There is considerable archeological evidence for maritime trade between the Indus Valley civilization and ancient Mesopotamia -- Sargon of Akkad documented it ca. 2270-2215 BCE. But this probably isn't quite what you're looking for, seeing as how you specify Tamil in particular. Present day Tamil speakers mostly reside in southern India and Sri Lanka, rather than the Indus Valley region. (As a side note however we still don't know what language the Indus Valley civilization spoke -- one faction argues it was in the Dravidian language family... which includes Tamil!)

Black pepper (native to southern India) was stuffed in Pharaoh Ramses II's nostrils during his mummification circa 1212 BCE. Ramses II spent considerable time in Canaan as part of his campaign against the Hittite Empire. So we can speculate that there were trade links-- possibly indirect -- between South India and Egypt / the Levant. And trade can bring linguistic exchange too.

A fascinating paper published by PNAS earlier this year by Scott at al studied dental plaque from 2nd millennium BCE cemeteries in Megiddo and Tel Erani (current day southern Israel near Kiryat Gat). This plaque demonstrated

clear evidence for the consumption of expected staple foods, such as cereals (Triticeae), sesame (Sesamum), and dates (Phoenix).
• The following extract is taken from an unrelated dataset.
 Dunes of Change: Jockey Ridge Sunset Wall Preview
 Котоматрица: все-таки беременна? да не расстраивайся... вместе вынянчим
We additionally report evidence for the consumption of soybean (Glycine), probable banana (Musa), and turmeric (Curcuma).

Soybean, banana, and turmeric were domesticated in Southeast Asia and the Indonesian archipelago.

But they aren't the most impressive evidence of long distance Indian Ocean trade in the 2nd millennium BCE. For this we must look at the example of cloves found in an excavation of a Syrian site at Terqa dating to 1700 BCE. Cloves are from the Moluccas, in present day Indonesia.

Terqa cloves bear witness to the extraordinary range of Mesopotamia's contacts in thesecond millennium, even if they reached Syria via Harappan, Dilmunite, and/ or Babylonian middle men." (Potts, Daniel T., 1996, Mesopotamian civilization: the material  foundations,Cambridge University Press p.270)

As a final note, the Cochin Jews of Southern India claim to be descended from King Solomon's sailors and merchants.